Using the data below, transcribe exactly everything from the line that contains "Nuno Gonçalves, Painéis" down to the line that contains "Time's Up 2024 official movie poster". Include both of those lines and none of the pictures.

Data for analysis:
§ §

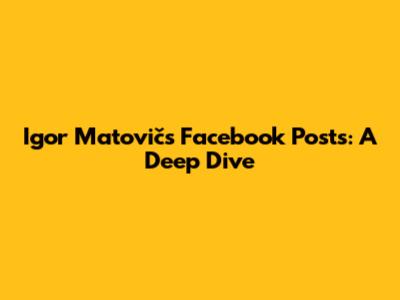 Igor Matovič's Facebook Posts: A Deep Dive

§ §

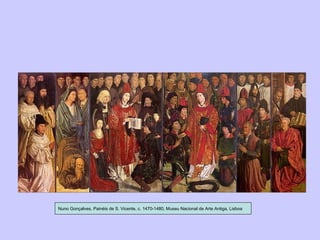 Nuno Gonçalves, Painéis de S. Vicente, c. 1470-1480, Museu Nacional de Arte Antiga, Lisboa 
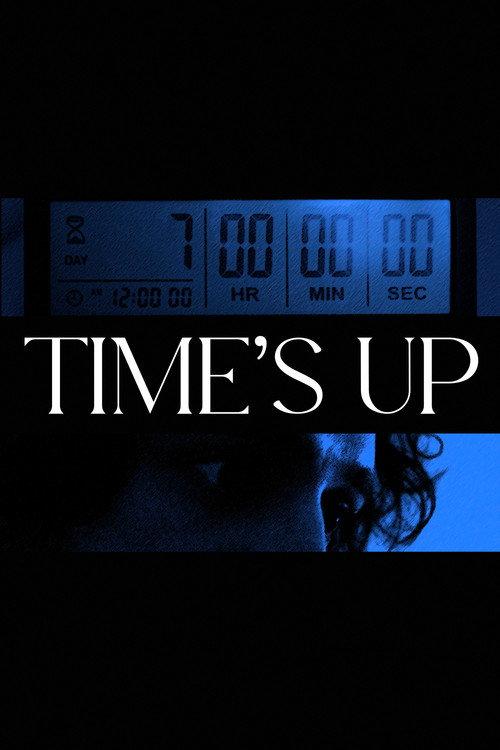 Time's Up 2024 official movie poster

§ §

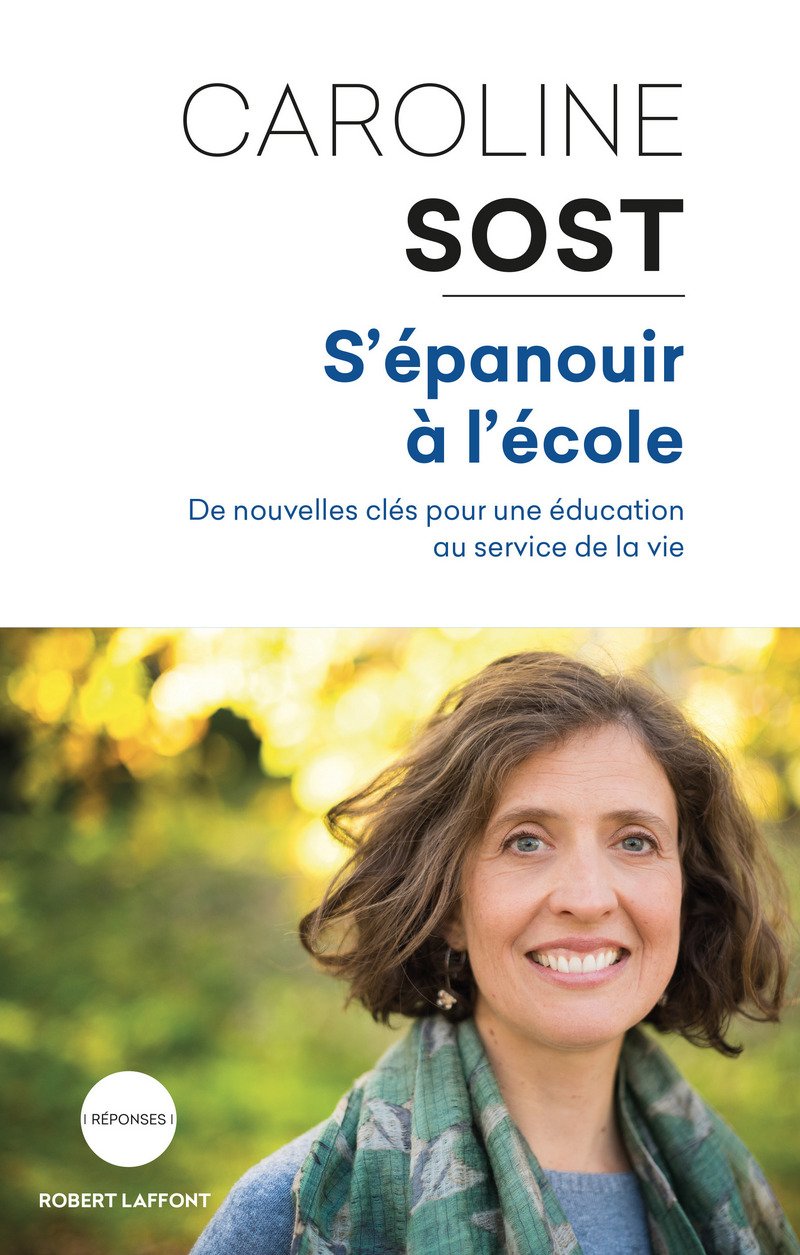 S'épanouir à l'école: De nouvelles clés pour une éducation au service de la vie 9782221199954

§ §

Response to this task:
 Nuno Gonçalves, Painéis de S. Vicente, c. 1470-1480, Museu Nacional de Arte Antiga, Lisboa 
 Time's Up 2024 official movie poster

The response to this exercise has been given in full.